Tomorrow morning my wife and I head to the hospital in anticipation of a planned c-section for the birth of our second son, Micah. Because of this, I have been thinking back a lot to a post from a couple years ago, when my first son was born. Below is the post.
My son, Jedidiah was born in January of 2007. He spent his first 3 weeks in an intensive care unit. The first couple days were very scary. There was a lot of uncertainty regarding the future. Since then he has made a remarkable and full recovery. He is a happy and healthy little boy full of energy with a short attention span (I wonder where he gets that from? Do you like turtles?).

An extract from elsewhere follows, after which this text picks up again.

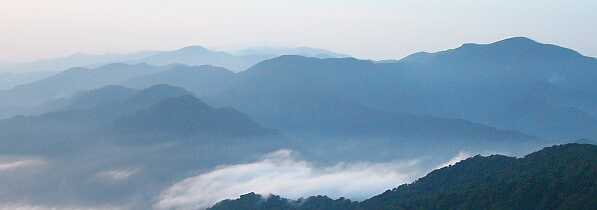 夕焼け前　　　遭難現場近くの初雪山などの山並み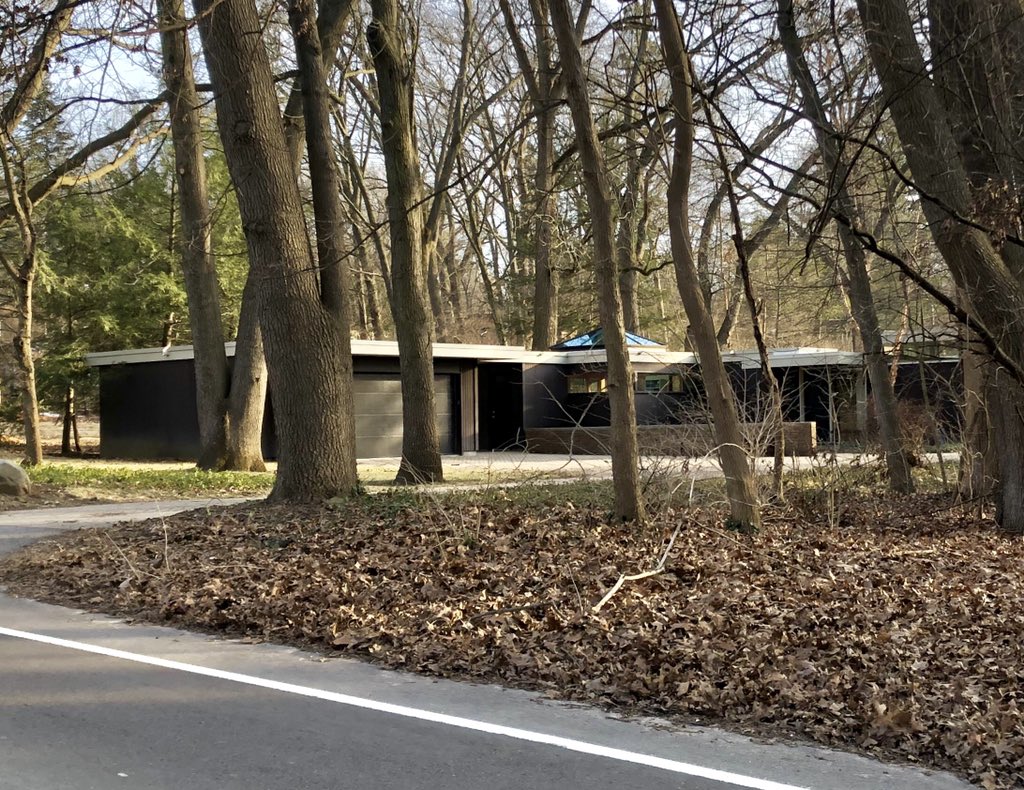 Robert Metcalf, Metcalf House (1952) /// This was the house of Robert C. Metcalf, Ann Arbor’s most prolific modernist. On top of his 40 years as an architecture professor, Metcalf designed 68 houses in addition to many other buildings.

I learned alot during that time. Medical terms, how to sleep for 12 minutes at a time twice a day, how to hold a baby on a respirator and iv’s, lots of interpersonal relationships skills, so on and so forth.
But I also learned something about leadership and the art of influence. In the midst of all that chaos, the doctor never seemed stressed, and still seemed to genuinely care for my son and my family.
As I reflect back on the three weeks in the hospital, I only remember being asked one single question. Everything else was told to me. Not in a pushy forceful way, but in such a way as I understood the unspoken, “It is whats best for your son, I’m the expert.” The doctors and nurses told me what they were doing, what they hoped to accomplish, and why. All of this was not presented as options and price was never even mentioned. (Later when I recieved the bill I nearly had a heart attack, but then heard my son laugh and realized that it didn’t matter.) Budgets were not talked about.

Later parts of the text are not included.